Martin KaFai Lau <kafai@xxxxxx> · Thu, 20 Aug 2020 16:16:20 -0700

On Thu, Aug 20, 2020 at 03:39:21PM -0700, Mat Martineau wrote:
> 
> On Thu, 20 Aug 2020, Martin KaFai Lau wrote:
> 
> > The bpf prog needs to parse the SYN header to learn what options have
> > been sent by the peer's bpf-prog before writing its options into SYNACK.
> > This patch adds a "syn_skb" arg to tcp_make_synack() and send_synack().
> > This syn_skb will eventually be made available (as read-only) to the
> > bpf prog.  This will be the only SYN packet available to the bpf
> > prog during syncookie.  For other regular cases, the bpf prog can
> > also use the saved_syn.
> > 
> > When writing options, the bpf prog will first be called to tell the
> > kernel its required number of bytes.  It is done by the new
> > bpf_skops_hdr_opt_len().  The bpf prog will only be called when the new
> > BPF_SOCK_OPS_WRITE_HDR_OPT_CB_FLAG is set in tp->bpf_sock_ops_cb_flags.
> > When the bpf prog returns, the kernel will know how many bytes are needed
> > and then update the "*remaining" arg accordingly.  4 byte alignment will
> > be included in the "*remaining" before this function returns.  The 4 byte
> > aligned number of bytes will also be stored into the opts->bpf_opt_len.

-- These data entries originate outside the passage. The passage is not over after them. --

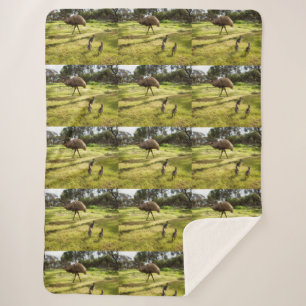 Cobertor Sherpa Pai Emu Com Seus Pintinhos,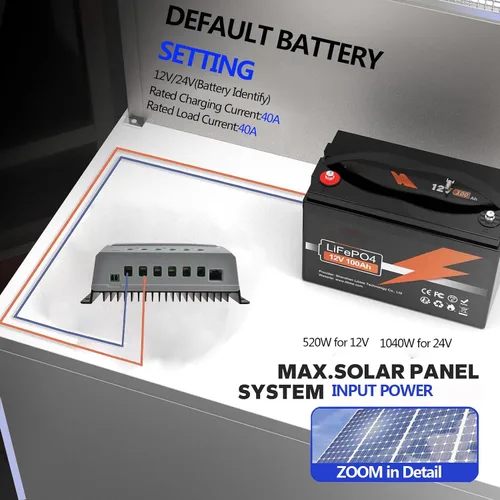 Vista 4 de EPEVER 40A 12/24V Auto Identificar MPPT Controlador de carga solar con control remoto de pantalla LCD Parámetros ajustables y sensor de temperatura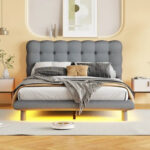 Velvet Upholstered Platform Bed Frame with LED Light & Biscuit Headboard - Image 32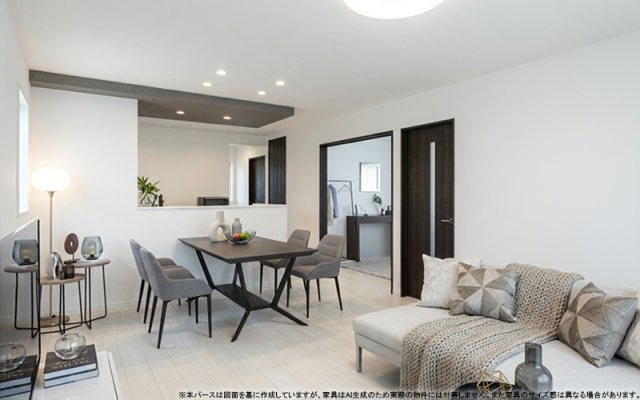 【完成予想図】 | 【LDK　イメージパース】
※画像は設計図面を基に作成したイメージです。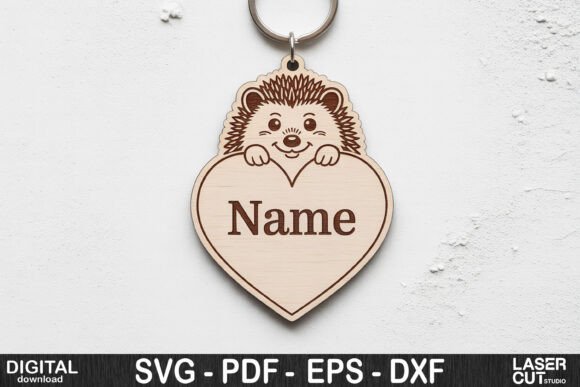 Download Hedgehog Heart Name Keychain SVG - Svg Collection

> > "bpf_opt_len" is a newly added member to the struct tcp_out_options.
> > 
> > Then the new bpf_skops_write_hdr_opt() will call the bpf prog to write the
> > header options.  The bpf prog is only called if it has reserved spaces
> > before (opts->bpf_opt_len > 0).
> > 
> > The bpf prog is the last one getting a chance to reserve header space
> > and writing the header option.
> > 
> > These two functions are half implemented to highlight the changes in
> > TCP stack.  The actual codes preparing the bpf running context and
> > invoking the bpf prog will be added in the later patch with other
> > necessary bpf pieces.
> > 
> > Reviewed-by: Eric Dumazet <edumazet@xxxxxxxxxx>
> > Signed-off-by: Martin KaFai Lau <kafai@xxxxxx>
> > ---
> > include/net/tcp.h              |   6 +-
> > include/uapi/linux/bpf.h       |   3 +-
> > net/ipv4/tcp_input.c           |   5 +-
> > net/ipv4/tcp_ipv4.c            |   5 +-
> > net/ipv4/tcp_output.c          | 105 +++++++++++++++++++++++++++++----
> > net/ipv6/tcp_ipv6.c            |   5 +-
> > tools/include/uapi/linux/bpf.h |   3 +-
> > 7 files changed, 109 insertions(+), 23 deletions(-)
> > 
> 
> ...
> 
> > diff --git a/net/ipv4/tcp_ipv4.c b/net/ipv4/tcp_ipv4.c
> > index 5084333b5ab6..631a5ee0dd4e 100644
> > --- a/net/ipv4/tcp_ipv4.c
> > +++ b/net/ipv4/tcp_ipv4.c
> 
> ...
> 
> > @@ -826,6 +886,15 @@ static unsigned int tcp_established_options(struct sock *sk, struct sk_buff *skb
> > 			opts->num_sack_blocks * TCPOLEN_SACK_PERBLOCK;
> > 	}
> > 
> > +	if (unlikely(BPF_SOCK_OPS_TEST_FLAG(tp,
> > +					    BPF_SOCK_OPS_WRITE_HDR_OPT_CB_FLAG))) {
> > +		unsigned int remaining = MAX_TCP_OPTION_SPACE - size;
> > +
> > +		bpf_skops_hdr_opt_len(sk, skb, NULL, NULL, 0, opts, &remaining);
> > +
> > +		size = MAX_TCP_OPTION_SPACE - remaining;
> > +	}
> > +
> > 	return size;
> > }
> > 
> 
> Since bpf_skops_hdr_opt_len() is called after the SACK code tries to use up
> all remaining option space for SACK blocks, it's less likely that there will
> be sufficient space remaining. Did you consider moving this hunk before the
> SACK option space is allocated to give the bpf prog higher priority?
No.  Not at this point.

It is unlike a well defined option (e.g. MPTCP) that may have a
requirement on being presence in the header.  For a generic usage in bpf,
it is hard to judge if a bpf program is writing a higher priority option.
Also considering SACK is a transient behavior, the bpf prog will eventually
get its chance to write.  The bpf prog should always assume there may not have
enough space and ready to retry later.